June 19, 1866 - Letter to Wheelock responding to one received from him on the 18th (this one, written on the 12th), and explaining himself and dismissing the “charges” against him. More animosity towards Honey.

See this Byron Porter report, dated June 4, 1866, about schools in Houston, which notes “No buildings suitable for school houses can be obtained with the exception of churches erected by, and belonging to the colored people.”

July 7, 1866 - Letter from Watson to Wheelock - she has returned from Chenango due to poor health, and wishes instead to take charge of Stuart’s now vacant position.

July 20, 1866 - Letter from Watson to Wheelock outlining much the same as the next day’s letter from Porter.
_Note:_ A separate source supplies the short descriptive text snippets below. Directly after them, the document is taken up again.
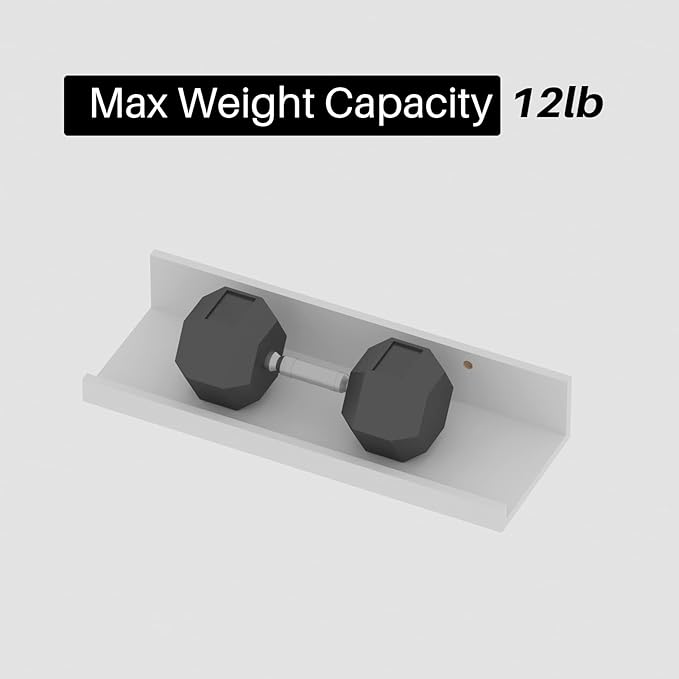 Giftgarden 16 Inch White Floating Shelves for Wall Mount, Modern Wood Wall Shelf Ledge for Bathroom Bedroom Living Room Kitchen Nursery Storage, Set of 3 Different Sizes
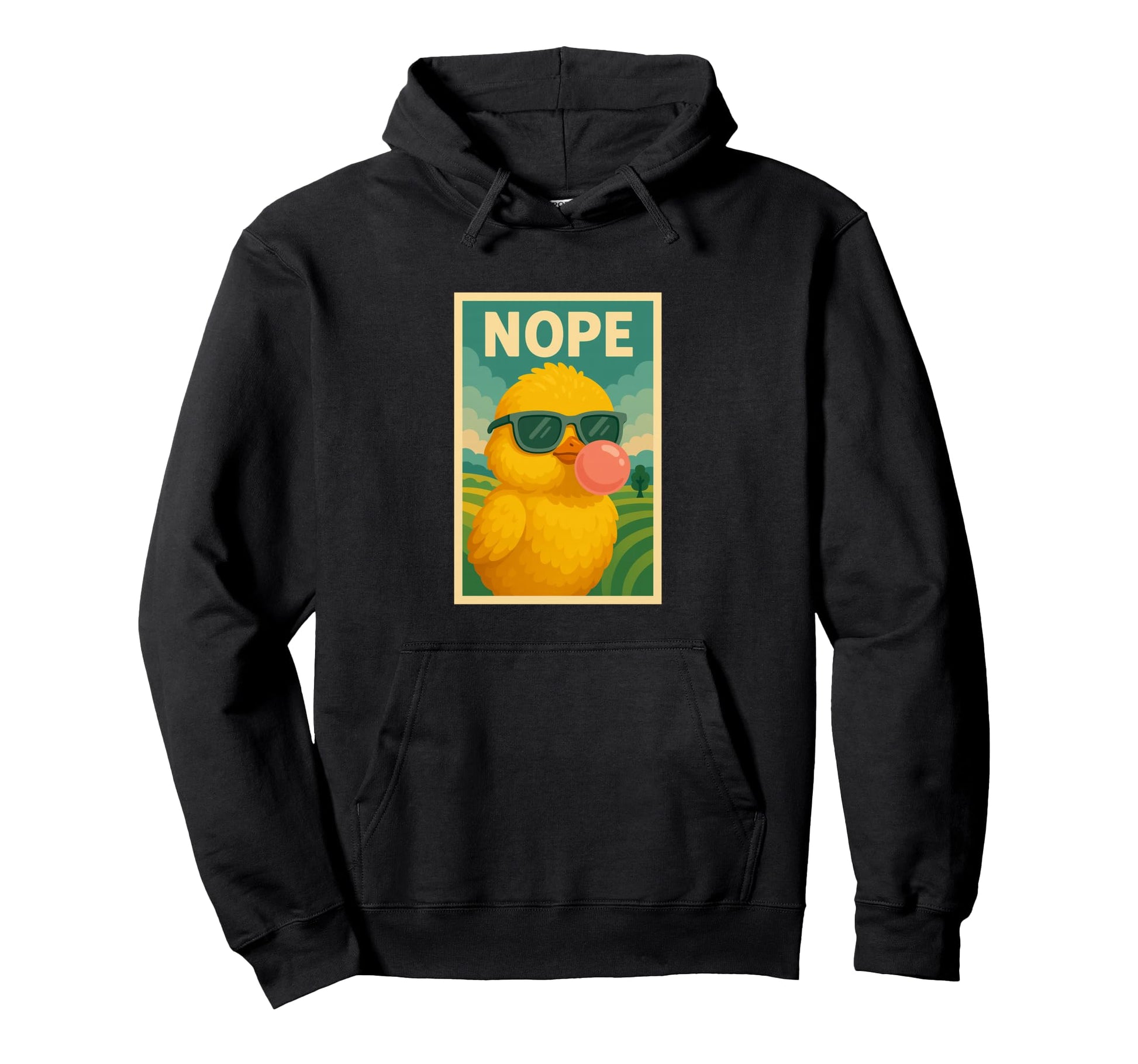 Chicken Nope Chewing Gum Bubble Pop Art Hoodie - Minimalist Print Unisex - T-Shirt, Sweatshirt, Hoodie
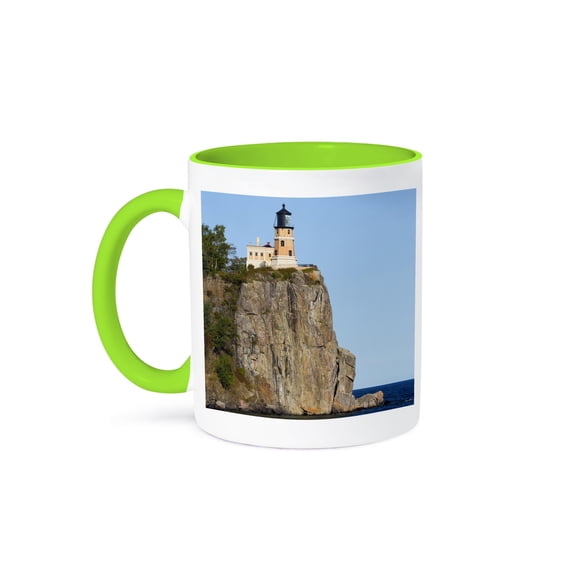 3drose, Minnesota, Lake Superior North Shore, Split Rock Lighthouse, 1910, 15oz Two-tone Green Mug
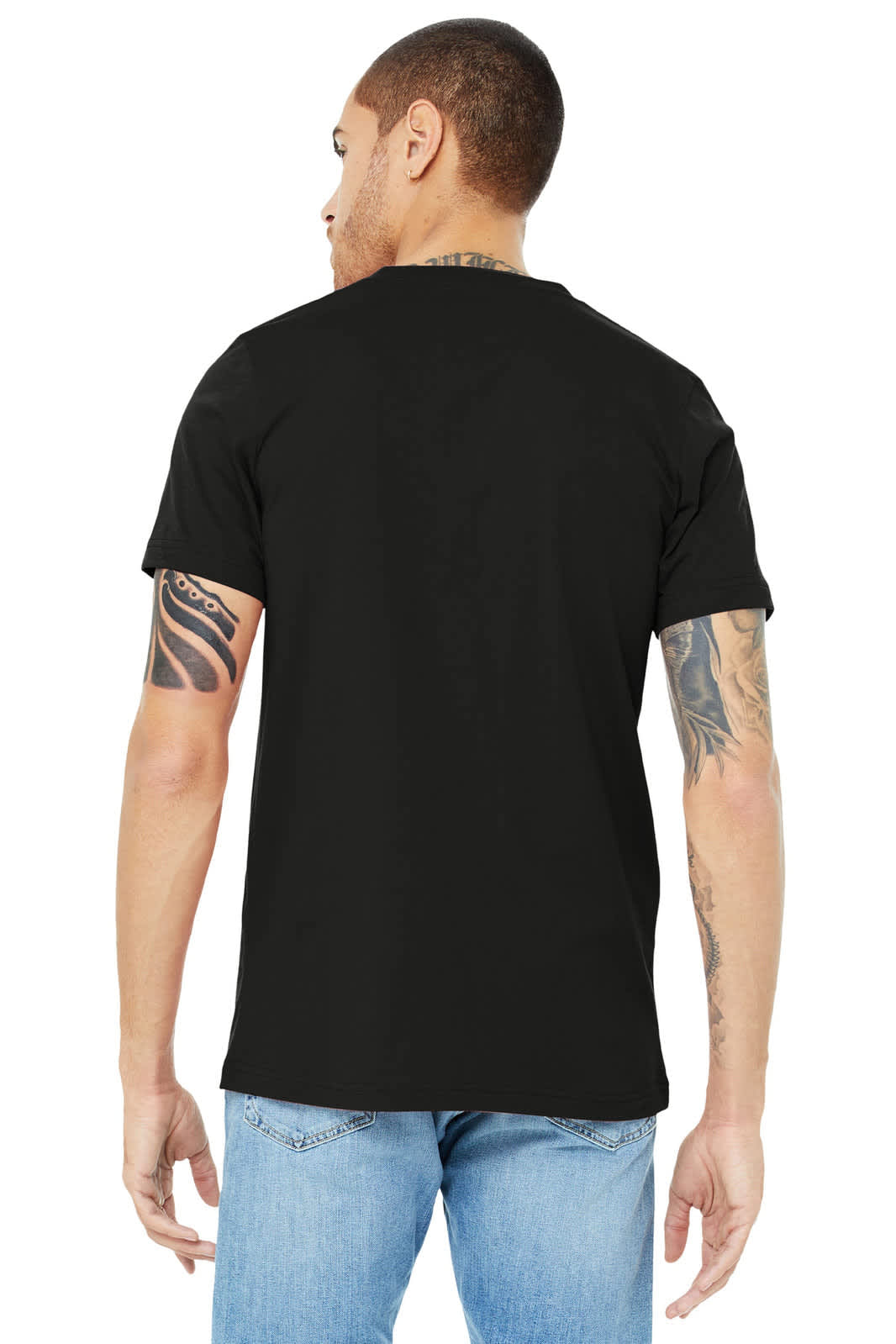 A unisex black short sleeve V-neck tee, featuring a simple design and a logo on the back.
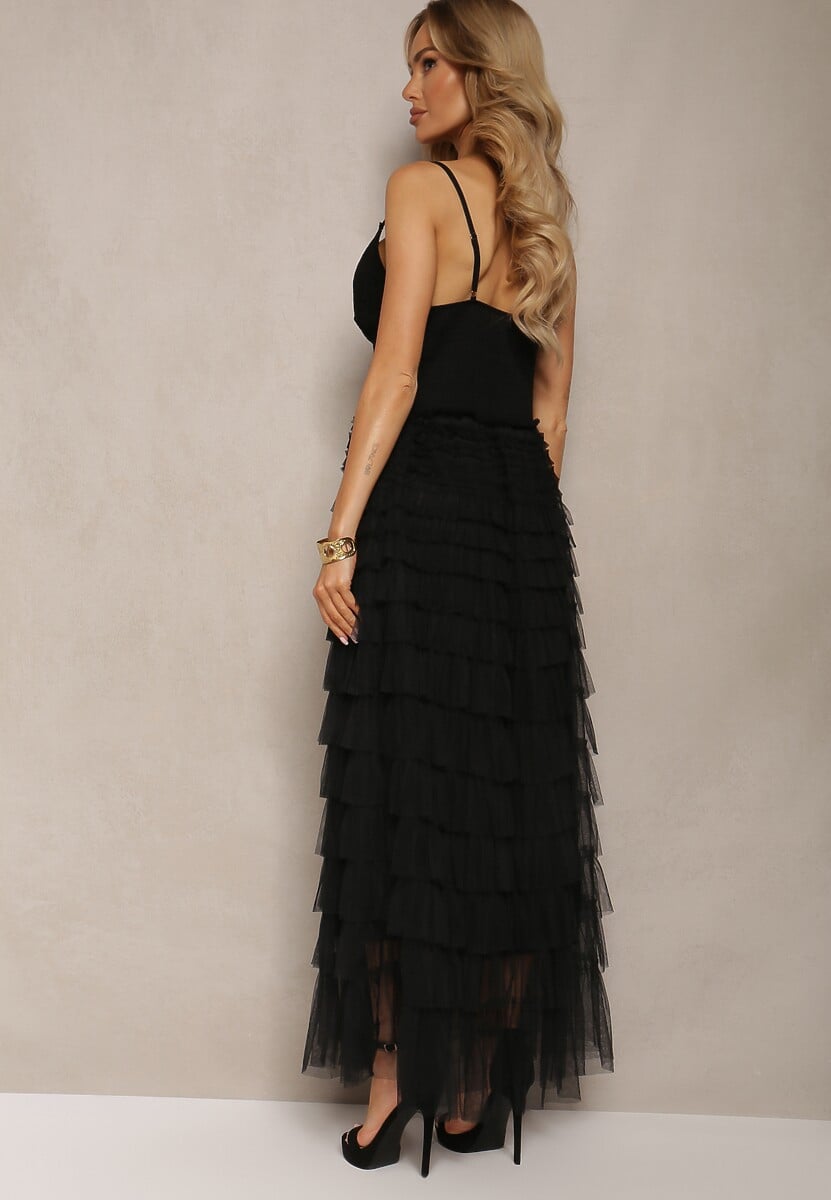 Czarna Sukienka z Koronką na Regulowanych Ramiączkach z Falbankami Joellama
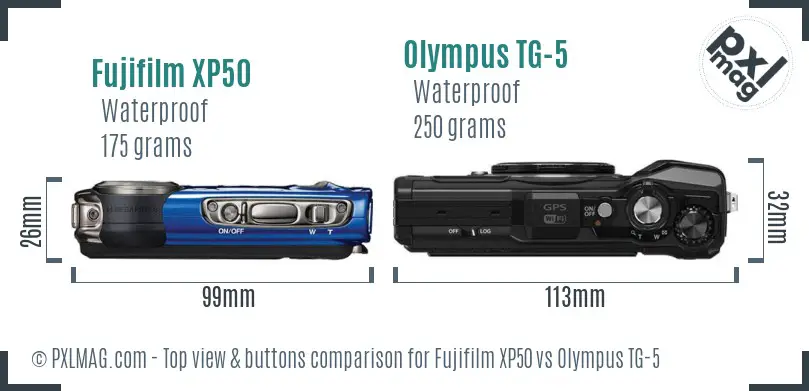 Fujifilm XP50 vs Olympus TG-5 top view buttons comparison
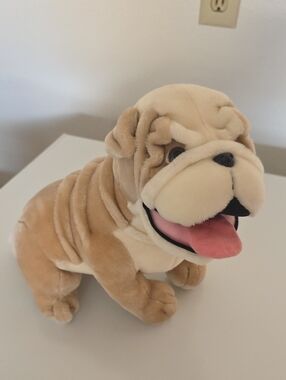 Bestever Plush Bulldog Toy - Tan, Cream, Pink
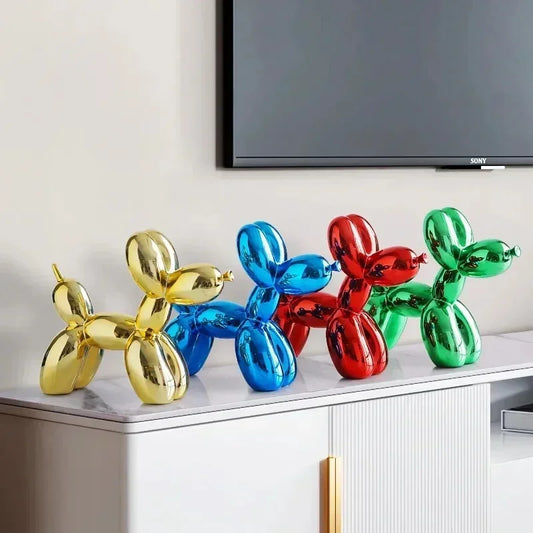 Vivolux | Nordic Ballon Hund Skulptur Harz Tier Ornament Kunst Skulpturen und Figuren Handwerk Hause Dekoration Zimmer Desktop Zubehör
She later accepts a new position at Bastrop.

July 21, 1866 - Letter from Porter to Wheelock: “Since Mr. Stuart ran away Miss Watson has been teaching his school; that is to say the very small fragment of it that continued to attend. Before Stuart left, he collected the school fees for July and most of the people as I understand refused to send their children unless Miss Watson would teach the month out without fees. The trustees of the church in the mean time wanted twenty dollars rent for the month and expected her also to teach the remainder of the month for nothing. Which she of course refused to do. The consequence is that Miss Watson has only six or seven scholars but will probably have more next month. A Day or two ago the trustees of the church sent the sexton to Miss Watson to tell her that on Monday next a colored man by the name of Goodwin or Goodman would take the school and of course she must vacate. On learning this I told Miss Watson to keep on and sent word to the trustees that Miss Watson should not be interfered with as she was teaching the school by your order and that she would hold possession of the building until you could be heard from. … It seems to me that school matters in this place want regulating and I wish you would come up. I think some measures should be taken to prevent incompetent white or black persons from starting schools whenever and wherever they please to the detriment and disadvantage of the regularly established schools. Another fact which I wish to point out is the disposition of the people to charge rents and high ones for the use of their churches as schools. They expect the teachers to devote a part of their time on Sundays to carrying on their Sunday schools but charge them as high a rent as they can possibly squeeze out of them.” He worries that the proliferation of other schools will tank enrollment at the larger established schools, making it impossible for them to take in enough tuition to afford such rents. See also an August 7, 1866 follow up saying that “two of the trustees of the church have just been in to see me about the church” and rent, and another one on August 29 about a silver watch Watson borrowed from a freedman and broke.


  1. “The City,” Houston Tri-Weekly Telegraph, November 24, 1865, link.

  2. “The City,” Houston Tri-Weekly Telegraph, November 10, 1865, link.

  3. “The City,” Houston Tri-Weekly Telegraph, January 15, 1866, link. See also January 8, which describes Black schoolchildren going through the streets on their way to schools taught by Stuart and others.

  4. On location of the church, see israel1998. For starting date of his school, see Henry W. Stuart to Edgar M. Gregory, December 1, 1865, M822, Roll 11, Freedmens Bureau Records.

  5. See Henry W. Stuart to E. M. Wheelock, June 9, 1866, M822, Roll 11.

  6. Slightly different names from Byron Porter, but in February Porter mentions an Alex Stephens.